Exercise
Take the whole listing and reproduce it exactly, pictures excepted.

Data extract
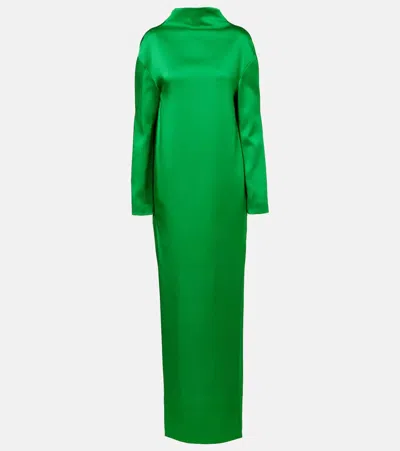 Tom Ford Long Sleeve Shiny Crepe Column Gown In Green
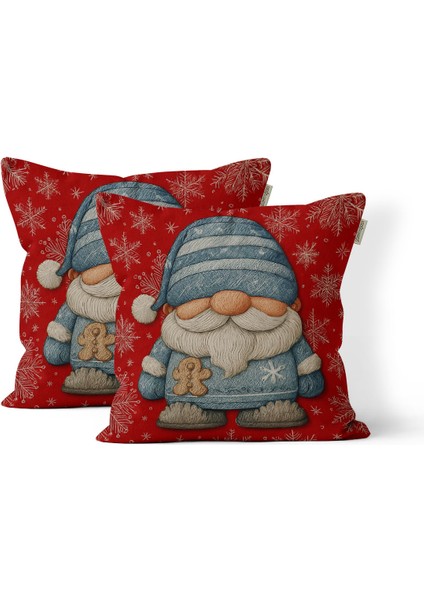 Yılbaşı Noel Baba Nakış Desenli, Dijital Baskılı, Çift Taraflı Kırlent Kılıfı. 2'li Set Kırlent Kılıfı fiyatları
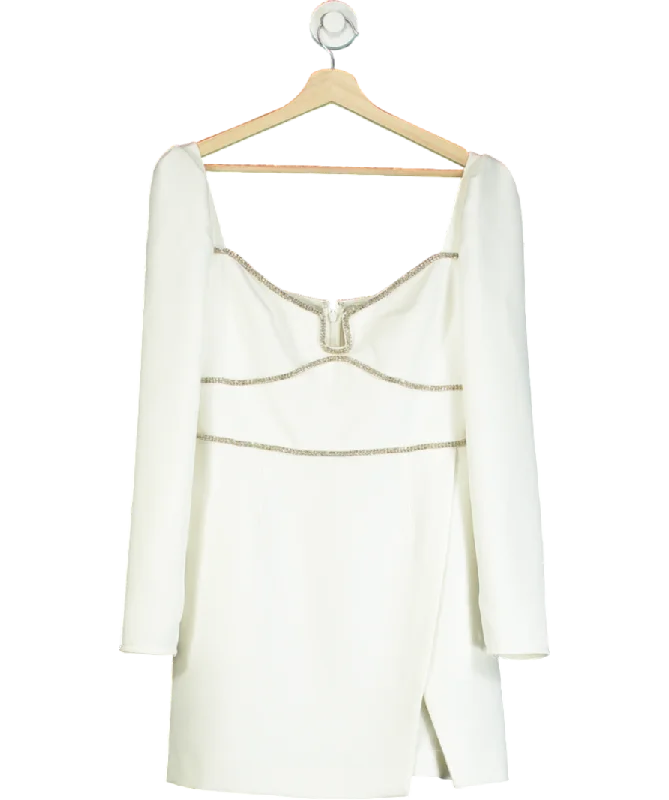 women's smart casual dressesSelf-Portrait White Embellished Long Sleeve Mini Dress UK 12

Problem solution
 Tom Ford Long Sleeve Shiny Crepe Column Gown In Green
 Yılbaşı Noel Baba Nakış Desenli, Dijital Baskılı, Çift Taraflı Kırlent Kılıfı. 2'li Set Kırlent Kılıfı fiyatları
 women's smart casual dressesSelf-Portrait White Embellished Long Sleeve Mini Dress UK 12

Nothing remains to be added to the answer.